# Slice of Sin



## kitchenelf (Dec 3, 2002)

This is definately for those who live for chocolate!  I never did until my first bite of this :p 

SLICES OF SIN
(serves 10-12)

8 oz. semisweet chocolate (use a good brand)
1/2 cup strong brewed coffee (not instant)
2 sticks butter
1 cup sugar
4 eggs (do not pour in one bowl)
1 cup heavy cream (to be beaten at end and used under the slice - you can lightly sweeten the whipped cream if you want - but not too much)

Preheat oven to 350°

Line a glass loaf pan with foil (I only had light gray). In the top of a double boiler melt the chocolate in the coffee. Add the butter and sugar, stirring until the butter is melted.

Cool the mixture for 10 minutes then beat in 1 egg at a time. Pour the mixture into the prepared loaf pan. Bake until a crust forms on top, approximately 35-45 minutes. (the sides of mine came up higher for some reason)

Set the loaf pan in enough cool water to come halfway up the pan. The dessert will rise and fall as it cools.

When cool, wrap the pan well and refrigerate for at least 2 days or up to 2 weeks. (this helps set it).

When ready to serve unmold and slice and place a little whipped cream on a plate and a slice of sin on top.


----------



## leigh (Dec 13, 2002)

Oh, man! This one is going on my (or somebody's) table before the year is out.  Thanks!!


----------



## LEFSElover (Jan 13, 2005)

"Oh, good God love me!  And this desert!"
Wish I was home.  Now I have to put 3 deserts on the table for Valentines Day fondue dinn dinn.

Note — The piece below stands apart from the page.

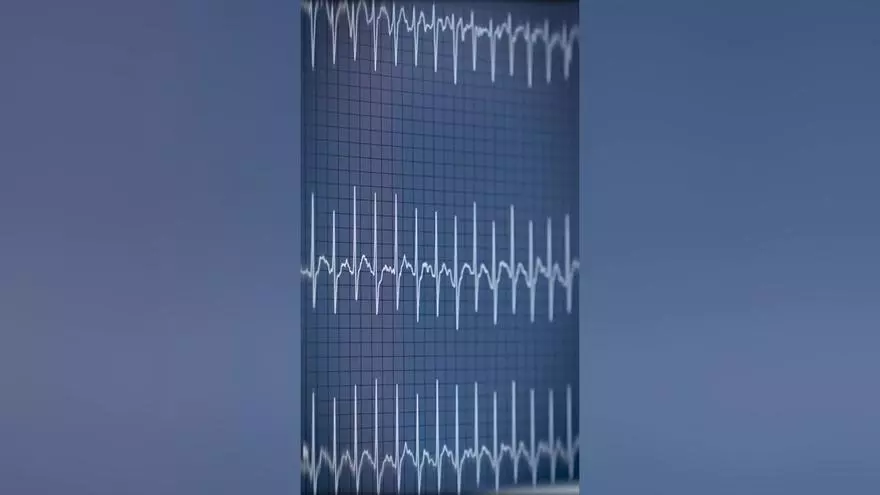 Illya Zabarny llegó al PSG procedente del Bournemouth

thanks for bringing this back up, I didn't know it existed!


----------



## mudbug (Jan 13, 2005)

Rats, I just used up my last two bars of Ghirardelli to make fondue last night!  

Twist my arm, make me go buy some more.............


----------



## pdswife (Jan 13, 2005)

The problem with this recipe is that it  wouldn't  be  one slice of sin.

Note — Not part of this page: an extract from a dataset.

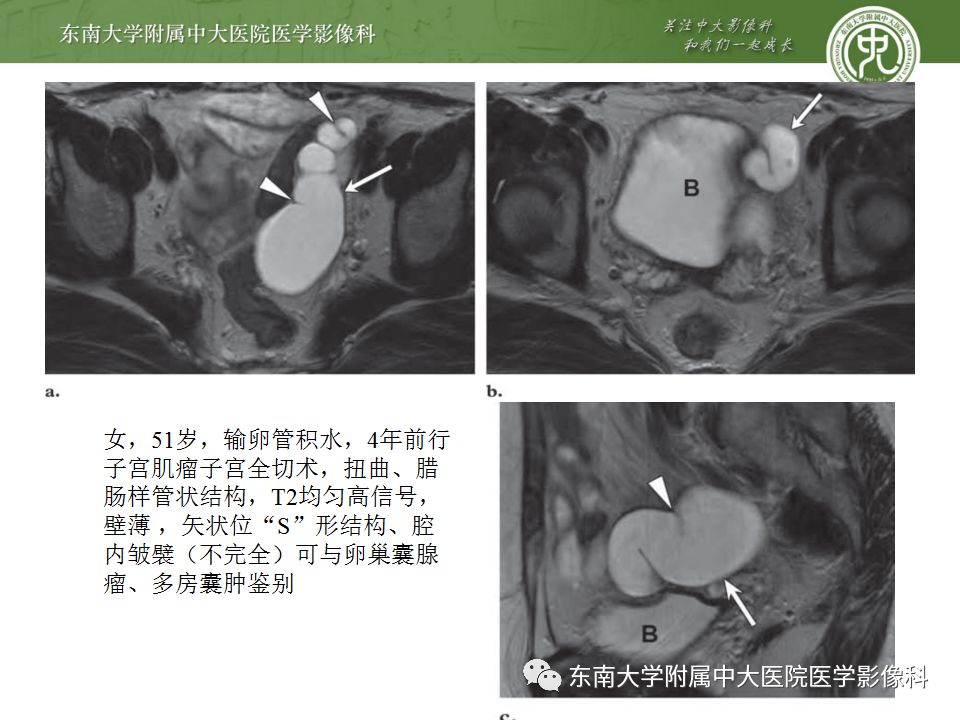 影像PPT - 【病例】双侧输卵管脓肿1例MR影像-16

For me.. it'd be a panful of sin!!    SOUNDS GREAT.

THANK YOU!!

Heart day would be a great day to serve this.   WONDERFUL! 


Wouldn't this be good with some vanilla ice cream?


----------



## Audeo (Jan 15, 2005)

Elf, there are no words to describe how sinful and delicious this sounds....


----------



## LEFSElover (Feb 16, 2005)

kitchenelf said:
			
		

> This is definately for those who live for chocolate!  I never did until my first bite of this :p
> 
> SLICES OF SIN
> (serves 10-12)
> ...



I'm having a duh moment.  When do I OR  do I add the heavy cream?  Is that the ingredient for the whipped cream after or does it go into the melted chocolate?  I am there, and just finished adding the sugar and butter, it's melted, uh, now what?  cream or no cream? :?


----------



## Half Baked (Oct 23, 2006)

I think the heavy cream is to whip....and then set the Sin on top.

Raspberries come to mind, for me.  Mmmmmm!


----------



## Gretchen (Oct 23, 2006)

Doubled, this is basically the chocolate mousse cake I make--flourless chocolate cake. It is absolutely delicious and I kind of like the idea of a loaf pan slice.  How high is the cake?--size of slice?


----------



## kitchenelf (Oct 23, 2006)

Gretchen,

When I make this in a loaf pan it "comes in" 3 textures all in the same loaf - kind of fudgey, kind of cakey, and kind of more creamy but not quite fudgey - it is the height of the loaf pan (roughly, a little lower than the top).  

I guess I get all those textures because of the height of the loaf pan?  It's soooooooooooooooooooooooo good!!!!  It was weird the first time I made it to watch it fall/rise/fall/rise/fall during the cooling process (well, weird for me 'cause I DO NOT bake!  )


----------



## SizzlininIN (Oct 23, 2006)

I'm not a coffee drinker and I can't make it very well either........in fact a friend of mine came over recently and I attempted to make her a pot and she told me, "I can pee darker than that"  .  

Needless to say I need help in determing how to do the strong coffe part.


----------



## kitchenelf (Oct 23, 2006)

SizzlininIN said:
			
		

> I'm not a coffee drinker and I can't make it very well either........in fact a friend of mine came over recently and I attempted to make her a pot and she told me, "I can pee darker than that"  .
> 
> Needless to say I need help in determing how to do the strong coffe part.


    

If you make 1 cup of coffee (which my coffee maker doesn't read the water until it guages 3 cups so I always have to make 3) - for each cup you HAVE to make in yours use 3 TBS per cup - that's what I do.  My normal coffee is 1 TBS (not level but not rounded either) per cup mark on my coffee pot.  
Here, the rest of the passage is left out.